He was supreme in the beginning and—leading the resurrection parade—he is supreme in the end. From beginning to end he’s there, towering far above everything, everyone. So spacious is he, so roomy, that everything of God finds its proper place in him without crowding. Not only that, but all the broken and dislocated pieces of the universe—people and things, animals and atoms—get properly fixed and fit together in vibrant harmonies, all because of his death, his blood that poured down from the cross.
Last week I wrote that the biblical idea of peace, (shalom in the Hebrew OT and eirene in the Greek NT) is not about a reality free of conflict or pain, but instead a reality that exists as complex parts come to fit together. You can read the article here.
You can also find a good word study video done by the Bible Project here. Biblical peace is about wholeness, completeness and a space where nothing is lacking. Peace is one of the Messianic expectations. Israel was looking for The Prince of Peace. And this is what we find in Jesus, even though many in Israel (as well as many believers today) were surprised by His peaceful way.
Jesus is our peace. The Colossians “Christ Hymn” above (Colossians 1:15-20) claims that every complexity of God comes together in Jesus. Think about this. The complexity and mystery and brilliance of the Godhead, the three in one reality of God manifest in the reality of Jesus. Jesus is the complete representation of God. This means that if we have any question about God, who God is, what God is like, or what God is up to, we can look at Jesus. So within Himself, Jesus is peace. But there is more.
Jesus opens Himself to invite others to this peace. This gives me such hope in the midst of such tragedy today. Jesus, who sits as the Head of the Church, situates all of the broken people, and all of the complexities of this present darkness together. Within the church, local faith communities, we can find peace. Why does this matter today?

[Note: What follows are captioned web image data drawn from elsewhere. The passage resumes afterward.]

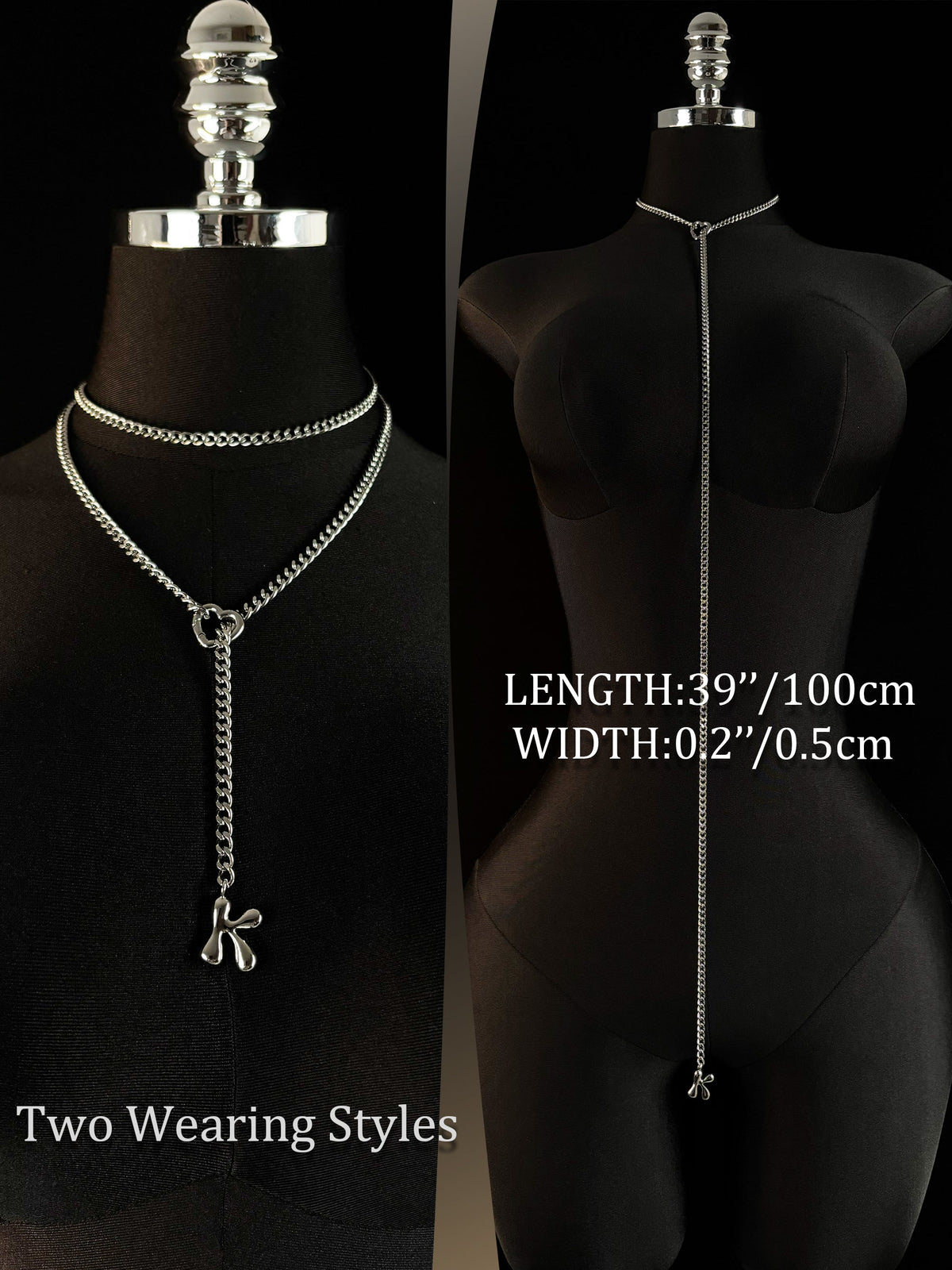 WILDCHOK - Initial Charm Loop Choker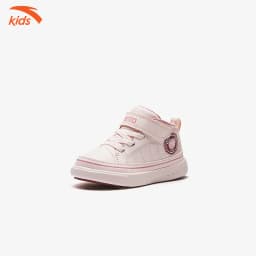 Thumbnail Giày thời trang đế bằng bé gái size 23-27 Anta Kids Street Play 3225A0030 2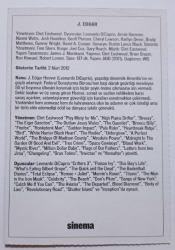 J. Edgar - Clınt Eastwood fılm • Leonardo Dicaprio ~ [ SİNEMA KARTI ]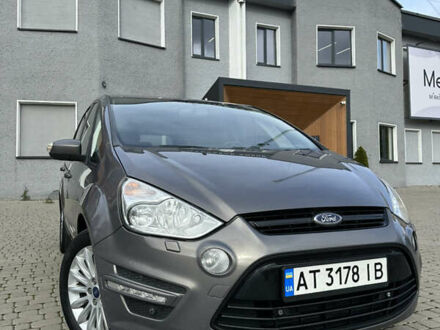 Форд С-Макс 2014 в Коломые на Automoto.ua Коричневый Форд С-Макс, объемом двигателя 2 л и пробегом 241 тыс. км за 9599 $, фото 1 на Automoto.ua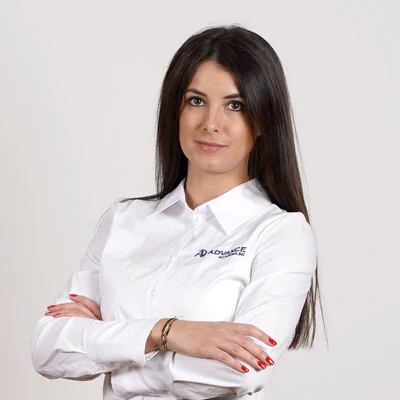 Ani Miteva Co-founder & CEO
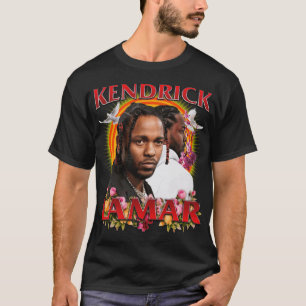Kendricks Lamar vintage T Shirt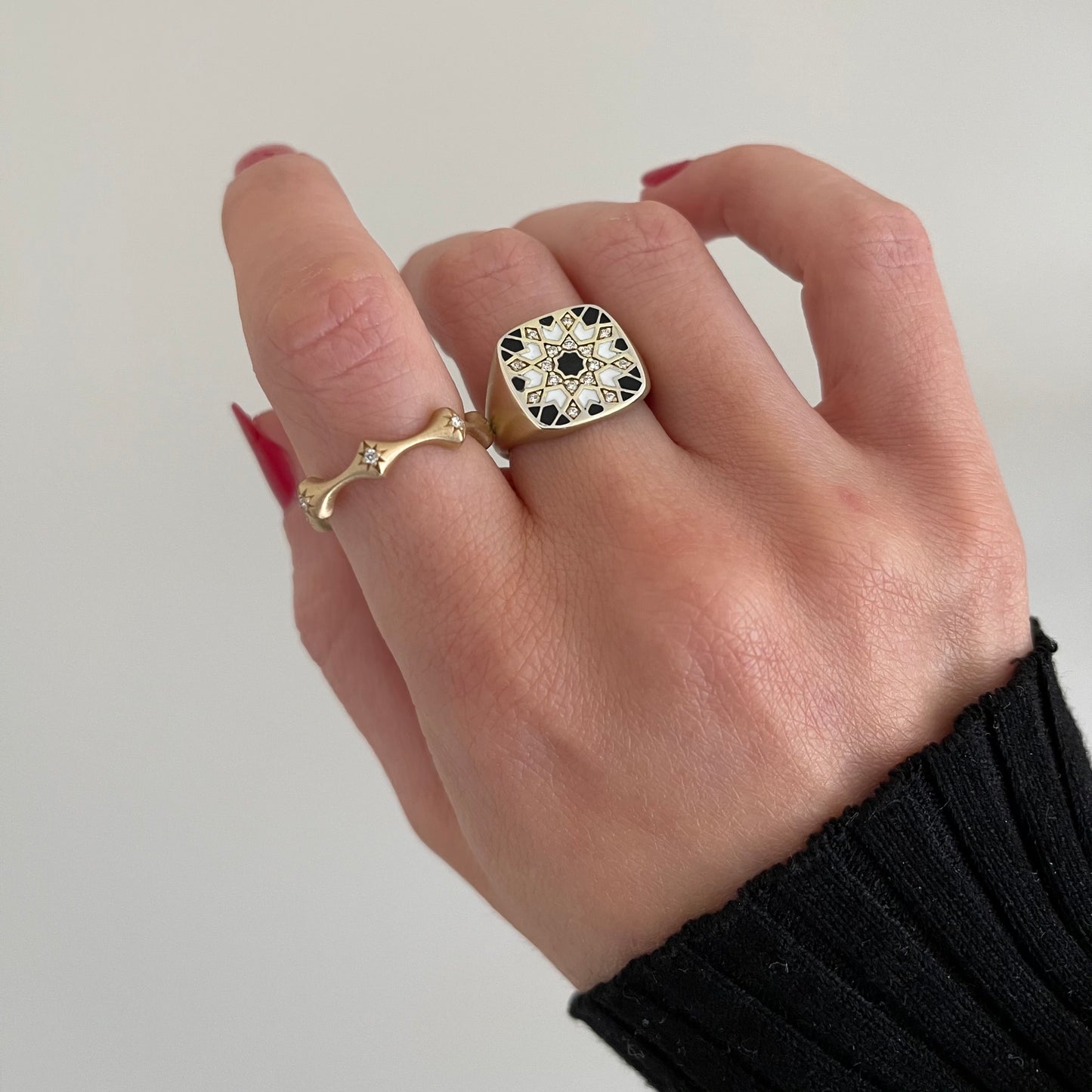 Dream Fairy Diamond Ring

We are living during a time in history where all of the complex pieces of systemic racism are floating around like flying pieces of a home that exploded from the inside. News outlets, social media influencers, church leaders and just about every secular business is talking about racism, many attempting to publish anti-racist statements in solidarity with the black community. What does this have to do with Jesus followers?
There are some who would say that the “Black Lives Matter” efforts and racial justice conversations are a ploy of liberal politics and progressive Christians to minimize the nuclear family, defund the police to bring anarchy and elevate diversity at the cost of morality. They would say that to focus on the ‘systemic’ sin of racism is missing the point and we should instead spend our good Christian efforts on individual salvation from sin. The logic goes that if we would all “be saved” from sin then we wouldn’t be having all of these race problems. The system is not sinful, it’s the individuals within the system and to focus on the system as the problem is to miss the heart of the problem, which is (in their minds) individual sin. Here is the problem.
1. There have been a countless number of white born again “saved from sin” Christians who justified slave ownership using their faith and using the bible. What of their salvation from sin?
2. Jesus didn’t come to only save people from sin. There I said it. Certainly part of the mission of Jesus was to save people from sin, but Jesus came to establish God’s reign on the earth, which involves salvation from sin. There has been so much written about this thesis, you could fill a library with books on the topic. I suggest beginning with The King Jesus Gospel by Scot McKnight. It is the most equally accessible and scholarly work I have read on the theology of the Kingdom of God.
The Kingdom of God is the place where God reigns, the place of equality for all humans, the place of justice, the place of unity, peace and love. It is tangible, it is material and it is, yes, even systemic. Jesus disrupted the systemic racism in his world. He touched the lepers who were considered unclean. He engaged the Samaritan women publicly. He forgave the prostitute, the adulterer and the tax collector. He ate with Gentile sinners, women and the dirt poor outcasts. Jesus challenged the temple system as being sinful, burdensome and unfair.
He even caused a big ole’ ruckus by turning over some tables in the temple. Can you imagine somebody getting that angry in church? He defied the leaders of the Jewish religion publicly, the Pharisees, who put the burden of the law on people without love or compassion. He even went on to act in rebellious (what would have been considered “sinful”) ways by healing on the Sabbath and touching unclean people and not atoning for it. He went on to establish a church led by the likes of Peter and Paul who coached their small house churches to not consider anything unclean, and to welcome each other as brothers and sisters, to tolerate eachother’s dietary restrictions and not to hinder anyone from faith based on maturity.
Jesus brought peace within each believer through the forgiveness and eventual salvation from sin, yes. But he brought peace on the outside too. As the Church, the Body of Christ, it is our role to extend peace that Jesus offers, salvation from sin to the world and it is also our role to bring peace at the systemic level.